Two other courts have ruled that police can use GPS monitoring without a warrant.
The Virginia Court of Appeals ruled in favor of the tactic when Fairfax County Police put a GPS device on the van of a convicted rapist suspected in a series of attacks. The court said he had no expectation of privacy on a public street.
California's 9th Circuit Court of Appeals, ruling that installing a GPS to track a suspect is no different than having an officer tail him, also authorized the use of warrantless GPS tracking.
The Supreme Court will answer two questions regarding the high-tech surveillance, said Marc Rotenberg, executive director of the Electronic Privacy Information Center: the constitutionality of installing a warrantless GPS device, and then using one to track a vehicle's movements.
Rotenberg said that allowing GPS surveillance without a warrant could have far-reaching implications.
"If the court does not establish constitutional safeguards, the police will have unrestricted authority to monitor the travels of virtually anyone they want," he said.
As most know, the Fourth Amendment prohibits unreasonable search and seizure. For a search to be lawful, a warrant must be issued. Some may not know that the only teeth the Fourth Amendment has is the exclusion of evidence obtained in violation of its provisions. This is meant to discourage law enforcement.

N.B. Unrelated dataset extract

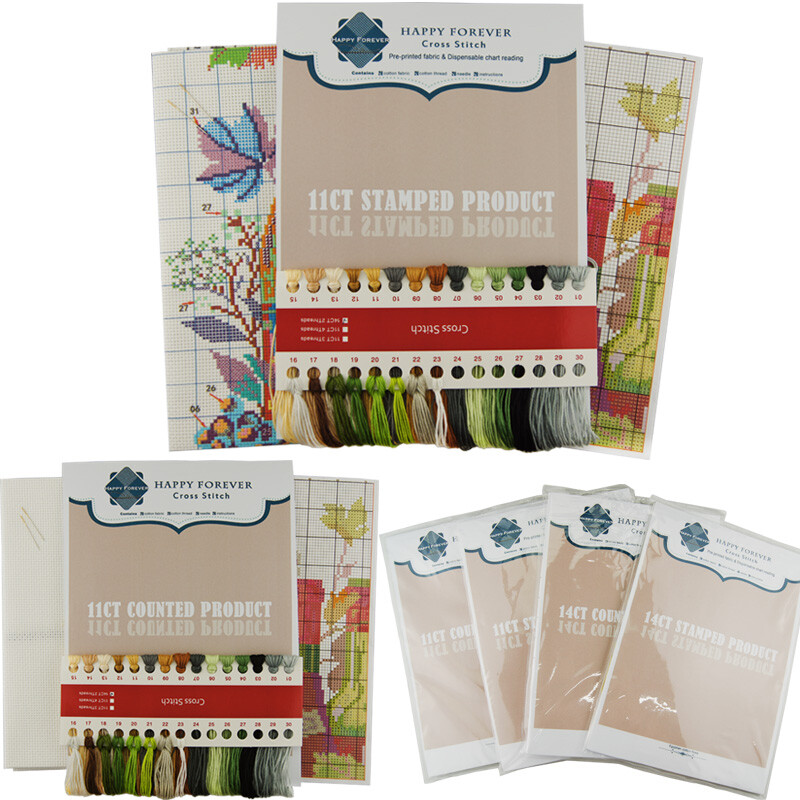 Joy Sunday Versiune lungă a celor patru anotimpuri Kit de broderie cu punct de cruce Imprimare pânză pictură modernă de artă de perete pentru decorarea interioară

There are exceptions to the warrant requirement. One of those has to do with whether a person has a reasonable expectation of privacy that a certain location or activity is private. If there is no reasonable expectation of privacy, no warrant is necessary.
This is a general description. Be aware that every word in Fourth Amendment jurisprudence is a mine in a minefield, and lawyers and judges strive to be exact at all times.
The appeals court said that the government must obtain a warrant for such prolonged electronic monitoring. The government argues that placing the device on the car is no different from having an officer tail the vehicle in public. Certainly, the police can do that. But 24/7 for a whole month? It is the intensity and duration of that surveillance that is likely to push this set of facts into the unreasonable search category.
The government will also argue that this form of surveillance is very valuable to law enforcement. "Gee, we like it a whole lot" is a silly argument, though, since any form of unlimited search would grow to become valuable to law enforcement.
I think the appeals court will be upheld.
Chief Justice Roberts behind the scenes in the Supreme Court building later this year . . .
Writing for the majority, Chief Justice Roberts will crib extensively from this scene, probably taking all of that stuff about slurring the meaning of the words and the line "tall words, proudly written." Justice Kennedy will play the dumb guy in the llama-skin tunic who must be dragged to the truth.